The Figurado family were in the refugee camp for nearly 2 years. His father was a fisherman, and Joseph would join him each day. His mother wanted him to study, so he joined the refugee camp school run by the clergy. The school was under trees, and every morning all the boys would stand straight in line for roll call and pray for rain — because that would mean lessons would be cancelled, in fact, which happened very often! War was all around and people were dying in the places surrounding the camp. Most of the burials took place in the Shrine graveyard. However, through the family's hardship, they did not lose their Faith. Most of the time, they lived in darkness, without the necessity of light. Even when they had no water, electricity, or candles and not much food, the family prayed together, especially holy rosary in the evenings. Fr Joseph remembers his mum saying: "Before we were eating for taste — now we are eating for hunger."

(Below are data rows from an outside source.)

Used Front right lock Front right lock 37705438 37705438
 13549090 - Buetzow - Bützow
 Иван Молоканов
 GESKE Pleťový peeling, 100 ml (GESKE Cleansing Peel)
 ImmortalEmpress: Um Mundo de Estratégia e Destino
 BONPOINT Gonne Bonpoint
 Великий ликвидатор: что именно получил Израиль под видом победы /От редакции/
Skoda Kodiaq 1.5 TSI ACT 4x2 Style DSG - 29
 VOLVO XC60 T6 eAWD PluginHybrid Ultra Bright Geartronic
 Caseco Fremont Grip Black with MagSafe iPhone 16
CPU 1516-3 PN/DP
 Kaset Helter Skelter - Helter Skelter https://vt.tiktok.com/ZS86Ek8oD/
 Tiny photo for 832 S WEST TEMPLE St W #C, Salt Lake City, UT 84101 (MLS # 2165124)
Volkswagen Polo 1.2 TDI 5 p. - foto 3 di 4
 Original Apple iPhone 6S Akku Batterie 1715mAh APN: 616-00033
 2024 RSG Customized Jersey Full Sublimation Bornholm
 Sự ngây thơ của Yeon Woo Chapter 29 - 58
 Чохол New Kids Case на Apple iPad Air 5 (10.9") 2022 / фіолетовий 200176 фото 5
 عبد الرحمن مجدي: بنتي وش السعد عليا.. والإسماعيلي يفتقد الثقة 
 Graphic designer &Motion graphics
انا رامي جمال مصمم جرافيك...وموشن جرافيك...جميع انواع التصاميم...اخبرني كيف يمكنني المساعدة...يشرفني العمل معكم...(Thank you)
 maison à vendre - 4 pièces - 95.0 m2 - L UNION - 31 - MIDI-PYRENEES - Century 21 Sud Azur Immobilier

The refugee camp was managed and run by UNHCR "United Nations High Commission for Refugees" this was the first long English sentence Fr. Joseph memorized. Our Lady of Madhu is a National Marian Shrine of the Diocese of Mannar and the refugees camp was around this Shrine Vicinity covering more than fifty acres. It was at this time Fr Joseph heard the call to become a priest. Fr Joseph was an altar boy, and a thought kept coming to him, "why can't I also be a priest?" At only 16 years of age and knowing no English, he joined the Minor Seminary, then joined St Patrick's College in Northern Sri Lanka in 1991.
It was still a fierce time of war, and as he walked to school, the sound of artillery launches would reach him and his friends. Bunkers on the side of the road protected them from the shells and debris that would fall. "I saw plenty of death," he says. There had been many occasions that we collected remains of bodies in sacks. Still more trauma came to Fr Joseph when a tsunami hit Sri Lanka in 2004. He took immediate supplies and assistance to the scene the following day to the Eastern Part of Sri Lanka. When Fr Joseph speaks of these experiences, he shares his unshakable Faith. "Through all the calamities, my Faith was strengthened," he says. “Some lose their Faith in these situations. We didn't. My family's Faith, my parent's Faith, stayed strong and guided and kept us strong.”
In 2006, in a time of war, Fr Joseph became a priest, and worked in Sri Lanka for 10 years. He ministered in different languages, and would be asked, "Is there a God?" as the ethnic war reignited in 2008-2009. Though he did not give them a satisfying answer to those questions in a time of war, he was able to show them that he was with them, smiling, laughing, eating, most of the time, crying with them and comforting them.
In 2017, Fr Joseph came to Australia and is now happily serving as Parish Priest of All Saints Blackbutt South for six years, from 1 March 2021 to 28th February 2027, by the decree of the VG of the Diocese of Maitland and Newcastle.
No one would know of the tragedy that has filled his life because his motto is "humble service with a smile". He is more concerned that others would never feel the suffering he experienced. More careful not to pass that one to others.
He wants to share with all young people that regardless of their situations, they can come through and "shine" like him, with the power of Jesus. He says, "Let us make our Faith a strong pillar, our hope and Prayers our wings, let us have God's love and compassion as our wind below our wings, then we can hover and soar over all kinds of hurdles in our life.